I wait until both men retreat into the grass and take off, kicking up sand as I streak across the shore. The wooden planks of the dock give under my feet with creaking sounds that make me wince. I have a minute, tops, before the men will return with new stacks of boxes.
As I edge along the boat, the clouds shift. Moonlight illuminates the white paint, making it glow against the pitch-black waves slapping the hull. And there, faintly, are traces of an old logo someone has taken pains to sand off. If I didn’t know the image so well, my mind might nothave made sense of the faint Fs wrapped around three sharp spears of a trident.
But I do know it: the sign of the Fortenot Fishing Company. Which means Laney was right. The Company is doing something outside official channels, literally in the dark. What was Fred up to? And did it get him killed?
I need to know what’s inside those boxes.
Silently cursing myself for the spectacularly bad idea, I place two hands on the railing of the boat and use all my strength to heft myself up and over the side, tumbling onto the dark floor with a grunt I immediately regret.
I need to make my search lightning fast. I stagger to my feet and feel my way around with one hand flat against the wall. I can’t see anything and halfway hope I’ll walk into a wall of boxes, but there’s nothing.
They must be hiding them inside the boat. Of course—if they don’t want people to see, that would be smartest.
The boat lifts and falls, buoyed by waves, and I try to keep my balance as I search for an entrance to the inside: a door, hallway, hatch.
My hand collides with a metal handle and I clutch my fingers, silently screaming at the pain. The door has announced itself.
As I reach for it, two glimmers of light catch my attention. I turn. On the shore, twin orbs bob in the dark.
Flashlights.
The dock groans under the men’s feet. I was too focused and didn’t notice them emerge out of the grass. Now they’re practically at the boat, at my back.
How will I escape?
“You hear something?” asks a rough voice with a thick northern accent.
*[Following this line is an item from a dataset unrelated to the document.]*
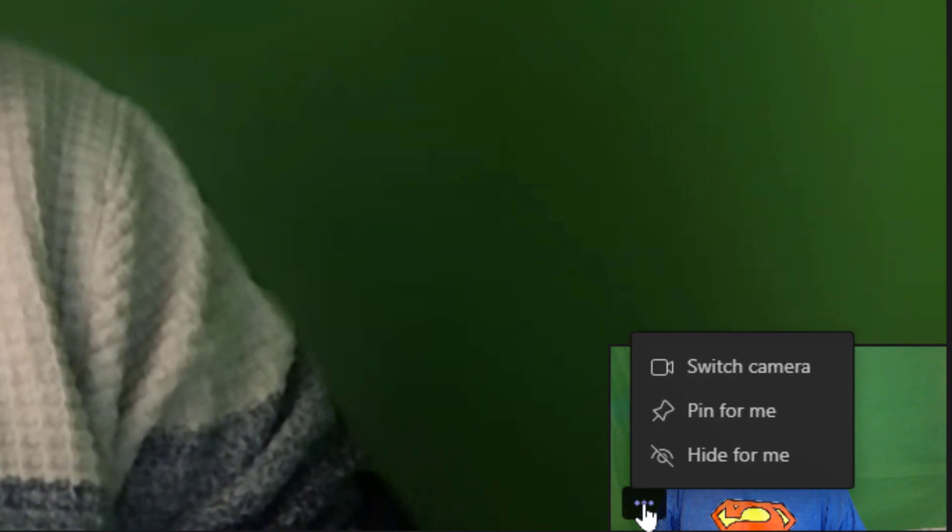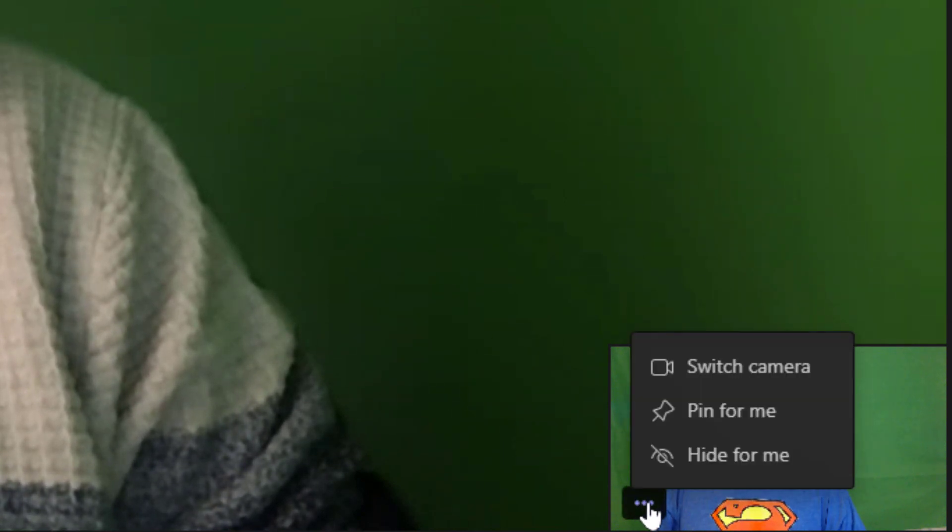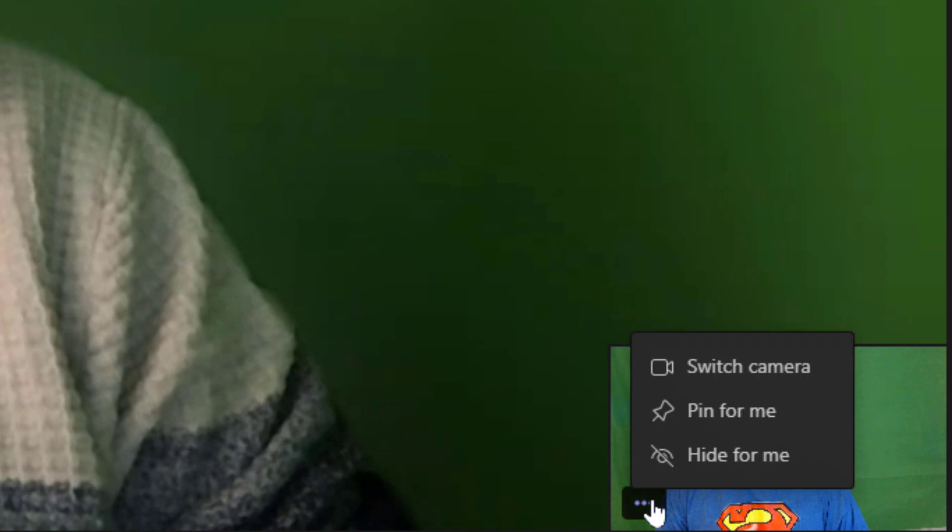And now if you don't want to see yourself, click on the three dots and there is Hide For Me. Click the arrow pointing up, hit the three dots.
I almost jump at how close it is, then inch back slowly, shoulders sliding against the boat, heart thundering so violently I worry they’ll hear it.
“Just the waves,” says a second voice, colder. “Sea’s getting a little rough.” He sniggers. “Can’t take a country boy out on the water, I see.”
“It was a footstep,” the first insists, and I hear the horrifying sound of his feet landing on the floor of the boat.Thump.
My back hits a cold metal railing. I press one hand to my mouth and the other to my chest, as if to hold my heart still.
“Paranoid,” says the cold man. Another thump sounds as he lands in the boat.
“Fuck you. I’m looking.”
The clouds have passed back over the moon, snuffing out the light. Behind me, it’s so dark I can’t see where the sky meets the water—can only hear the waves, a half second of pregnant silence as they lift, then the clap as they crash against boat.
Shoes scuff around the corner as the man who can sense me begins inspecting. There’s no more time for paralyzing panic. I can’t let them find me. There’s only one way out.
I take a big gulp of air, hitch a leg over the railing, and let go.
I fall for longer than expected through the pitch-black air, and in my disorientation I think somehow I’m soaring up instead of hurtling down. It makes the gut punch of the waves an even greater shock, and I’m so surprised by the sudden salty cold that I nearly gasp, releasing the air in my lungs. The inky sky is replaced by the inky water and now I truly cannot tell which way is up or down, if I’m sinking to the ocean floor or floating to the moon, on my way to Heaven or Hell, if there is even any difference between them after all.
14
NOW
In the past few days, I’ve been a woman who has lied to authorities, who has hardened her resolve into a diamond in her chest, who has thrown herself into the sea, who has crawled, gasping, across the wet sand of the inlet’s farthest shore, and now, one day later, I’m a woman getting served breadsticks and Barefoot wine in Bottom Springs’s best attempt at an Italian restaurant. Which is also the only restaurant in town.
“She’ll have a glass of the bubbles,” Barry tells the waitress, an older woman named Jo who used to babysit me.
“It’s okay,” I murmur, catching Jo’s eye. “I don’t really drink.”
“Actually, why don’t you leave the whole bottle?” Barry beams at Jo, exuding that easy confidence that’s always fascinated me. “It’s going to be a night to celebrate.”
Unsurprisingly, Jo sides with Barry. She leaves the bottle on my side of the table. It sweats like a person facing the barrel of a gun.